Layoffs and the Yahoo Brand

    January 21, 2008

The ’sphere is buzzing with “anonymous” tips that Yahoo CEO Jerry Yang will soon be faced with the tough decision of firing up to 2.500 employees.

Silicon Alley Insider appears to be the ring leader in the rumor spreading and seems to be all for the layoffs.

Jerry reportedly wants to announce the cuts with or before earnings (January 29th), but may not make them if the stock price recovers.

We believe Yahoo should reduce headcount by at least a thousand people, and others are looking for cuts of more than twice that. Yahoo’s stock has recently hit new lows, almost all of its key businesses are losing ground to Google, and shareholders are beyond frustrated. Jerry Yang, moreover, is perceived as a good guy who is unwilling to make the hard-ass decisions necessary to get Yahoo heading in the right direction again–a perception he is presumably eager to dispense with.

I admit, I’m not a financial analyst, but I feel that the cuts could easily have the opposite effect that Yang is hoping he’ll see. Here’s some consequences of laying off 2500 people just because your stock dips below $20 a share.

  1. How well would you sleep at night knowing that you’ve just laid off 2500 based–mostly–on your stock price? More importantly, how would those employees feel? See below.
  2. OK, so perhaps it’s a sound business decision now, but what if those 2500 employees feel like airing your dirty laundry? Can you imagine if 2500 disgruntled employees decide they need to vent by creating a blog post about Yahoo’s faults and failings? Heck, you can’t even stop employees from writing the damaging “peanut butter memo” so how do you plan to stop ex-employees from having their voice heard?
  3. What about the employees that remain? In the peanut butter memo, the claim was made that “We have lost our passion to win.
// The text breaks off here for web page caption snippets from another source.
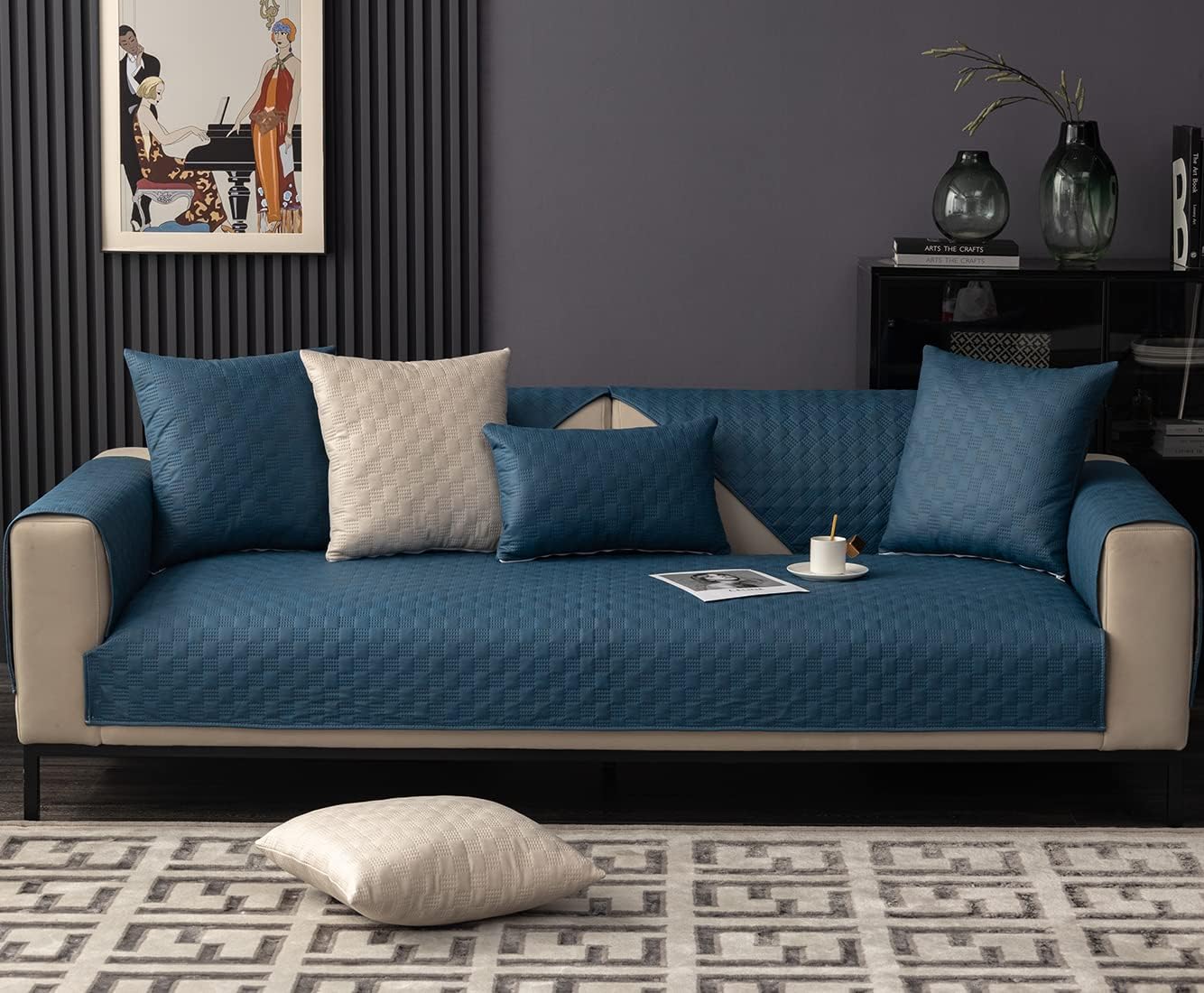 vctops Luxury Water Resistant Quilted Sofa Cover Faux Suede Plaid Sectional Couch Cover Anti-Slip Sofa Slipcover for Dogs, Children, Pets Furniture Protector (Dark Blue,43"x43")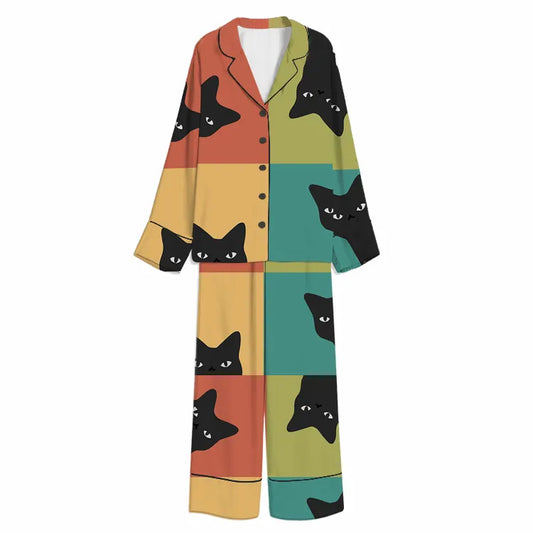 Tokyo-Mood Colorblock Peeking Black Cats Unisex Long Sleeve Silky Satin Pajama Set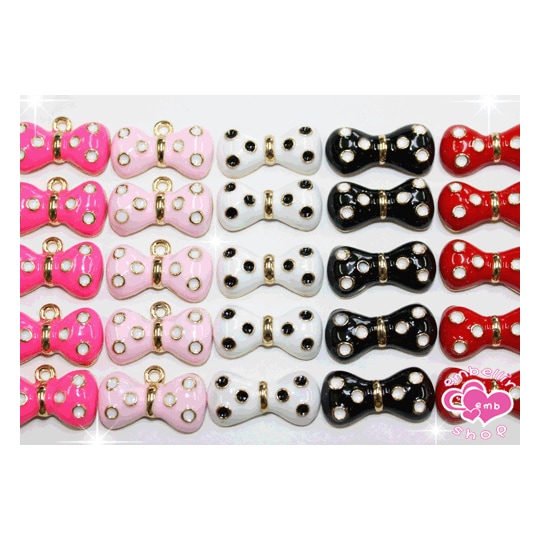 カラフルリボン☆メタルパーツ 1P約20×10mm★注文番号20000253【パーツ】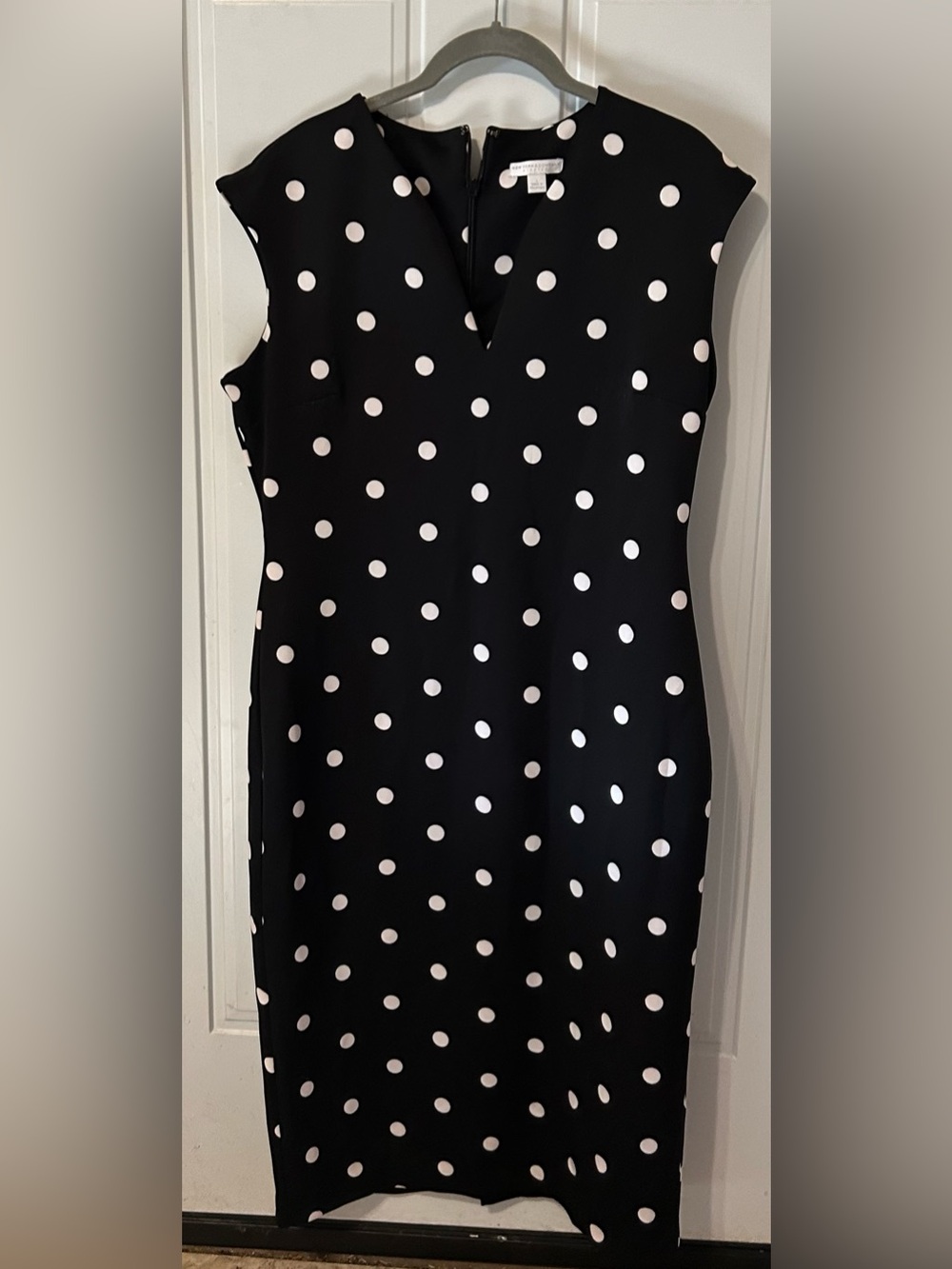 New York & Company Black Polka Dot Sheath Dress
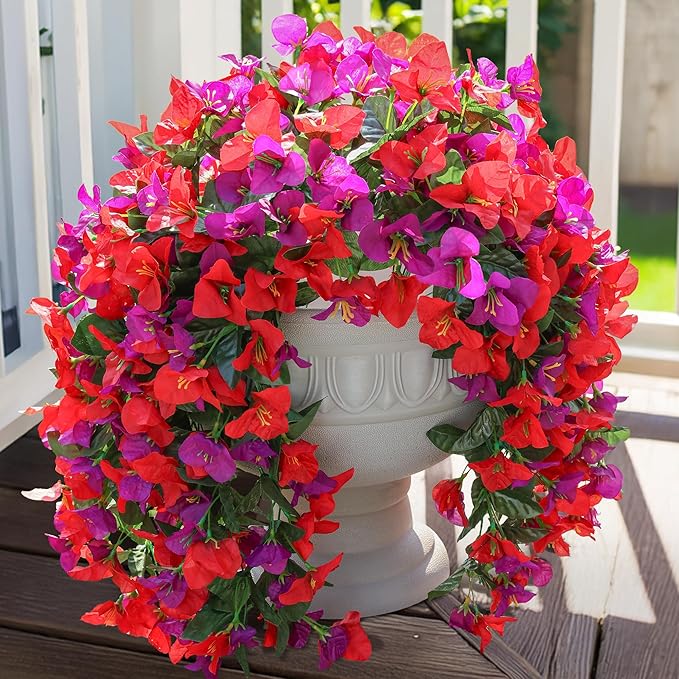 Faux Bougainvillea Artificial Flowers Plants for Outdoors Outside Decoration, 2pcs Fake Flowers Silk Long Trailing Vines UV Resistant Realistic for Front Door Porch Planter Urn Patio Balcony Yard, Mix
Far too many employees are “phoning” it in, lacking the passion and commitment to be a part of the solution.” What’s going to happen to the passion of the remaining employees, when they see that recent hard-work might be rewarded with future layoffs?
  4. Have you thought about public perception Jerry? Sure, Wall Street might react well to the layoffs, but what about the average Yahoo user? What message will the layoffs send them? With your market share stagnant, you might lose more users if they believe you’re a dying company.

I’m sure there are more consequences that won’t emerge until after any Yahoo firing decision, but I hope that Yahoo’s focusing on the big picture and not just trying to give its stock price a shot in the arm so it can have a pleasant Q4 conference call.